== TASK GOAL ==
All entries are to be reproduced exactly; the pictures are to be omitted.

Data records:
★ ★ ★ ★
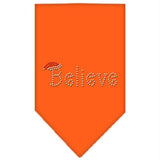 Believe Rhinestone Bandana Orange Large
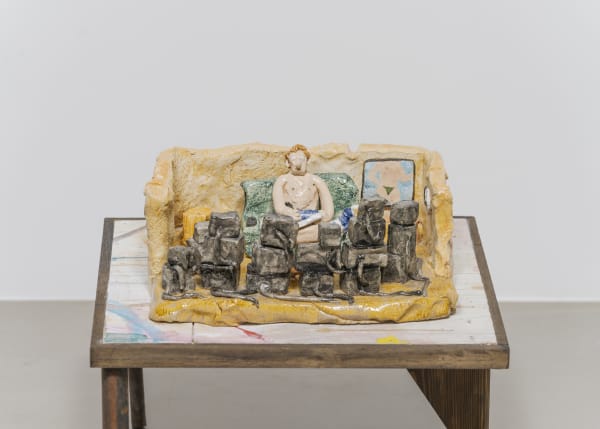 Rinus Van de Velde Self portrait as a football analyst, 2020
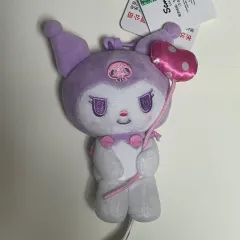 サンリオ クロミ ハート 風船 ライトパープル ぬいぐるみ キーホルダー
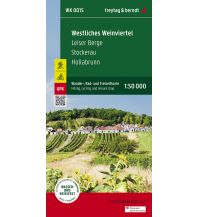 f&b Hiking Maps Westliches Weinviertel, Wander-, Rad- und Freizeitkarte 1:50.000, freytag & berndt, WK 0015 Freytag-Berndt und ARTARIA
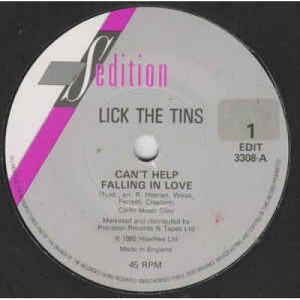 Lick The Tins - Can't Help Falling In Love - Vinyl - 45''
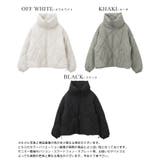 毎日着たくなる、あったかアウター。ダイヤキルトBIGカラーブルゾン ダウン コー… | HAPPY急便 by VERITA.JP | 詳細画像3 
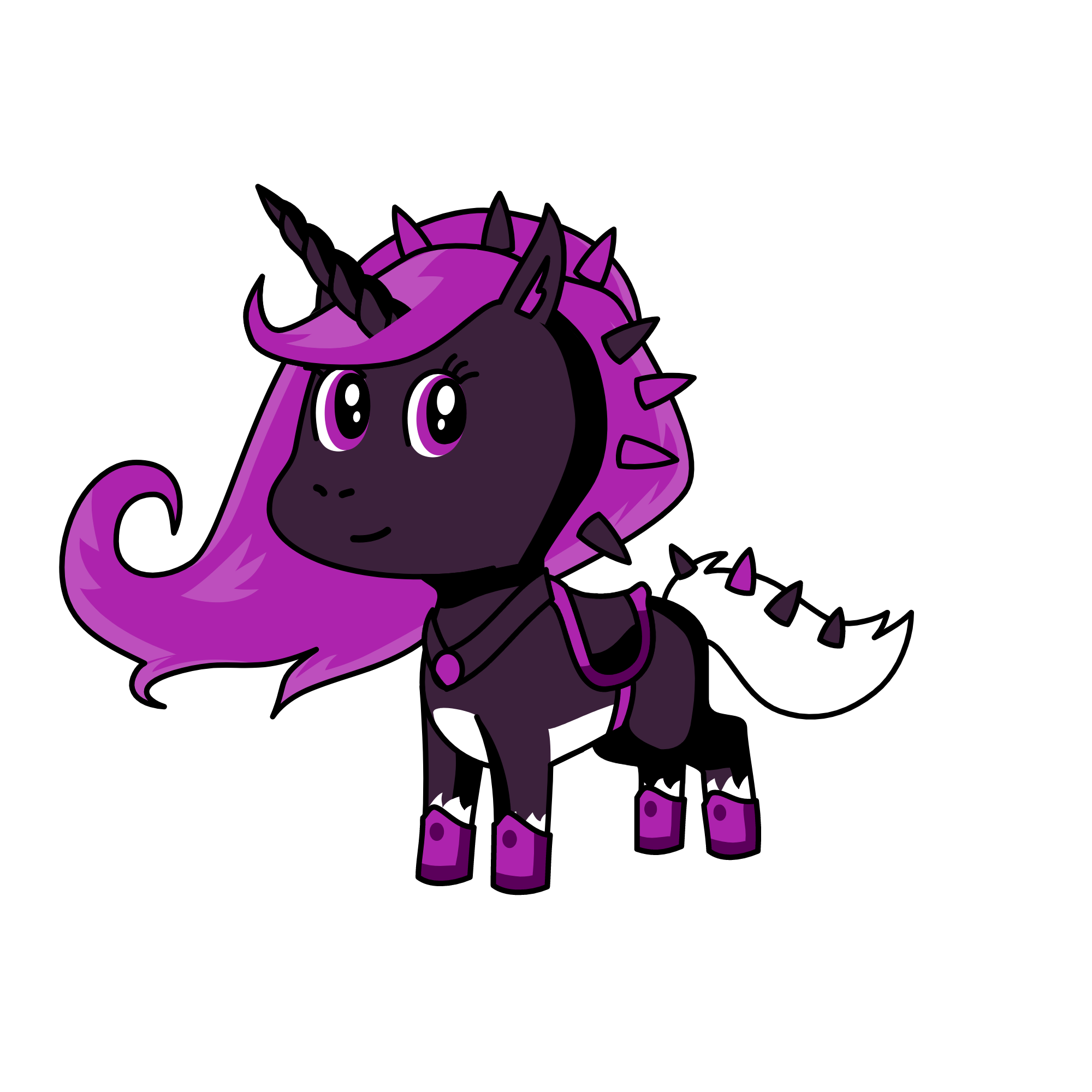 Midnight, the unicorn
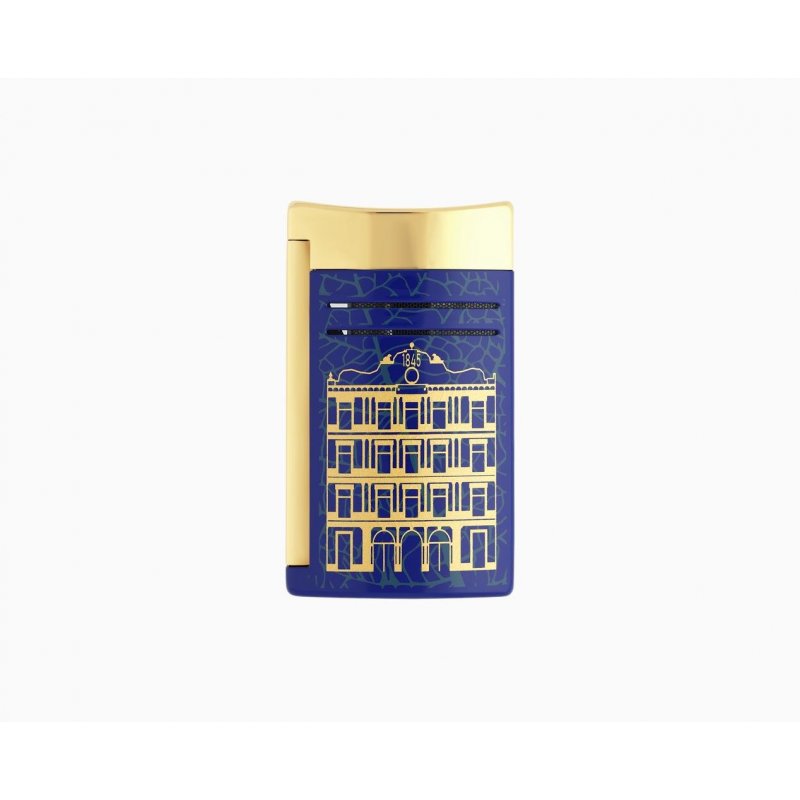 St Dupont - Maxi Jet Partagas - Blu Dorato - Accendino Di Lusso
★ ★ ★ ★
== COMPLETED TASK ==
 Believe Rhinestone Bandana Orange Large
 Rinus Van de Velde Self portrait as a football analyst, 2020
 サンリオ クロミ ハート 風船 ライトパープル ぬいぐるみ キーホルダー
 f&b Hiking Maps Westliches Weinviertel, Wander-, Rad- und Freizeitkarte 1:50.000, freytag & berndt, WK 0015 Freytag-Berndt und ARTARIA
 Lick The Tins - Can't Help Falling In Love - Vinyl - 45''
 毎日着たくなる、あったかアウター。ダイヤキルトBIGカラーブルゾン ダウン コー… | HAPPY急便 by VERITA.JP | 詳細画像3 
 Midnight, the unicorn
 St Dupont - Maxi Jet Partagas - Blu Dorato - Accendino Di Lusso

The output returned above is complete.